┌──

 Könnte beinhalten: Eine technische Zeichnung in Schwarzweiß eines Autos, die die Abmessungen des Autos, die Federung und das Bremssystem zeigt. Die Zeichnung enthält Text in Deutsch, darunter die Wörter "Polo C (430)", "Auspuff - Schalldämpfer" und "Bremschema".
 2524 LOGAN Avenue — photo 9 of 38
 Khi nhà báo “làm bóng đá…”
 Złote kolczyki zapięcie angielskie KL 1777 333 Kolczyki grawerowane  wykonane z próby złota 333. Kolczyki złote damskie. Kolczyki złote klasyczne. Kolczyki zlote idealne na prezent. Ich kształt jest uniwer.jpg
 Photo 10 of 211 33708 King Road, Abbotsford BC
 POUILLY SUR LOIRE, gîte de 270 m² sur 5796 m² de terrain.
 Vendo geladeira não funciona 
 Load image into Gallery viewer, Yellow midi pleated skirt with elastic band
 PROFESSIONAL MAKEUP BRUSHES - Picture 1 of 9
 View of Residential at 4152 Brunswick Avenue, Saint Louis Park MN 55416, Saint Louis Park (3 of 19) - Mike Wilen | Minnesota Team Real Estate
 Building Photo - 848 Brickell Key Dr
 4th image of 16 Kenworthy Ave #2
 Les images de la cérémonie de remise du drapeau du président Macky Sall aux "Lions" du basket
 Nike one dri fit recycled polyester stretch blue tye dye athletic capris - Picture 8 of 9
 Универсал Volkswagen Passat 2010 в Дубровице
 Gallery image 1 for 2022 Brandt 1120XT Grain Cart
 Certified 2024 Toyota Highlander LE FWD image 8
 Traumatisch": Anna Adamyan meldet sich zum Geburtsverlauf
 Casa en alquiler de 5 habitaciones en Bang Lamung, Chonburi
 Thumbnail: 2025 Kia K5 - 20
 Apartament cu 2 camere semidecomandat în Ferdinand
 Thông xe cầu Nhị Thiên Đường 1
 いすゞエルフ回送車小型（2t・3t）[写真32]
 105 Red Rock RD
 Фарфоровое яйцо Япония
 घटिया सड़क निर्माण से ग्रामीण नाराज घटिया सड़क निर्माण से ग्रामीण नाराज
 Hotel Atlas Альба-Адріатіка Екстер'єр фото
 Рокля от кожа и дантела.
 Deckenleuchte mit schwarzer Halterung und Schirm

└──

■ YOUR TASK ■
Find "घटिया सड़क निर्माण से ग्रामीण नाराज घटिया" in the data above, then repeat that line and all lines after it exactly, ending with the final line.

■ EXERCISE RESPONSE ■
 घटिया सड़क निर्माण से ग्रामीण नाराज घटिया सड़क निर्माण से ग्रामीण नाराज
 Hotel Atlas Альба-Адріатіка Екстер'єр фото
 Рокля от кожа и дантела.
 Deckenleuchte mit schwarzer Halterung und Schirm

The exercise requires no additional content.